**WHAT IS BEING ASKED**
Repeat exactly the lines below from the line that contains "Sambucus nigra Black Lace 40-50 cm 5,0L" to the last line, inclusive, without the pictures.

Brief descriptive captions
- Opening Delimiter -

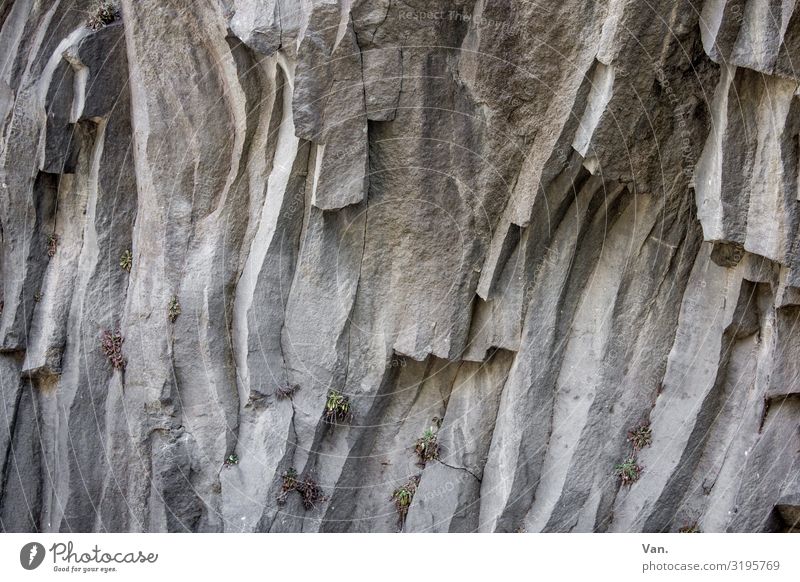 Basalt Columns Stone Rock rock formation basalt columns Wall (building) Nature edge plants Gray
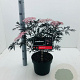 Sambucus nigra Black Lace 40-50 cm 5,0L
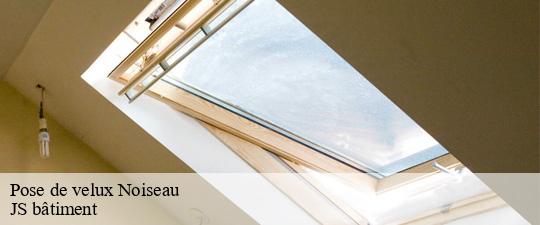 Pose de velux noiseau-94880 JS bâtiment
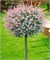 Хакуро Нишики (Salix integra Hakuro-nishiki) 3996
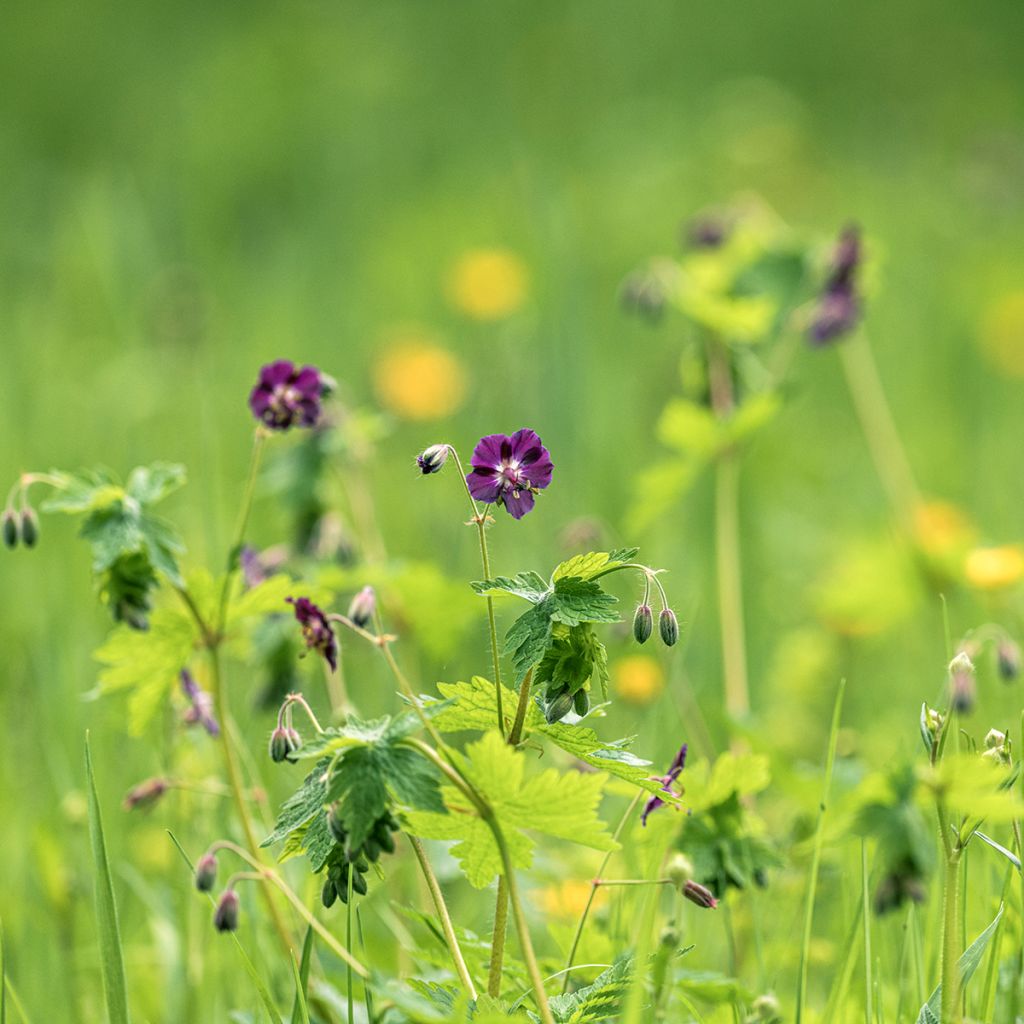 Mourning Widow - Geranium phaeum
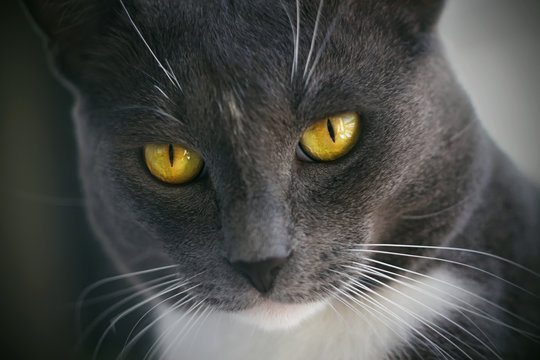 Gray fluffy cat with bright yellow eyes and narrow pupils, on his forehead a white spot. The cat is watching something closely.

- Closing Delimiter -

**SOLUTION**
 Sambucus nigra Black Lace 40-50 cm 5,0L
 Pose de velux noiseau-94880 JS bâtiment
 Хакуро Нишики (Salix integra Hakuro-nishiki) 3996
 Mourning Widow - Geranium phaeum
 Gray fluffy cat with bright yellow eyes and narrow pupils, on his forehead a white spot. The cat is watching something closely.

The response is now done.